Peter Kuznickアメリカン大学教授と共に初めて来日し、ヒロシマナガサキ〜オキナワを訪れ、現地のヒバクシャや被災者と語り合うOliver Stone監督は「(戦後)ドイツは反省と謝罪のもとで平和を守る国に変わったが、日本は米国の従属国のままで、経済大国だとしても道徳的な大国になっていない」とズバリ指摘。若い世代の者たちに、核爆弾の残虐さに関し“moral imagination”(道徳的想像力)を高める必要性を訴えた。

広島で5人の被爆者と懇談したO.Stone氏は「大きな苦しみを受け、しかしその記憶を伝える責務を持ち、愛にあふれ、世界を本当に良くしたいという理想に溢れた方々だ」と語る。

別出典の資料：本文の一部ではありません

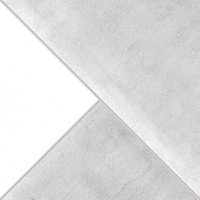Roof WDV42669 40 x 40 плитка декор cіpo-біла RAKO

O. Stone監督とP. Kuznick教授が共同執筆したドキュメンタリー“The Untold History of the United Stats”--邦題『もうひとつのアメリカ史』が届いた。そのなかで、P.Kuznick氏は米国の戦後の軍事外交政策を正当化する<ウソ>を暴いた。ヒロシマナガサキへの原爆投下がなくても日本の降伏は明白だった。原爆投下は台頭しつつあるソ連に対する米国による“警告”だったと云う。

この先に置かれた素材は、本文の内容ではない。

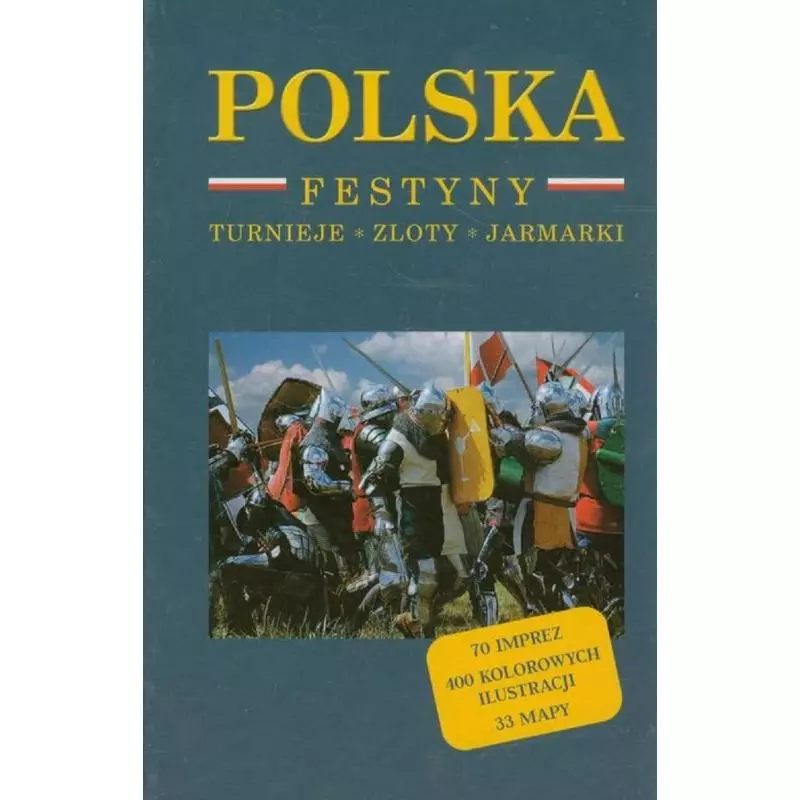 POLSKA FESTYNY TURNIEJE ZLOTY JARMARKI Izabela Kaczyńska, Tomasz Kaczyński - Muza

米国の学生を連れ何度も広島を訪れているP. Kuznick氏曰く「道徳的な象徴と結晶だ。怒りや恨みを高く昇華させて、核兵器を二度と使ってはいけないと、良心のともしびを掲げて人類全体を導いている人たちだ」

6日夜、ヒロシマ原爆ドーム前を流れる元安川の灯篭流しに加わったO.Stone監督。“Memory is the slender thread of our civilization. Let us never forget Hiroshima”【記憶は文明を繋ぐ細い糸だ。決してヒロシマを忘れまい】--ピースメッセージを書き灯篭を流していた。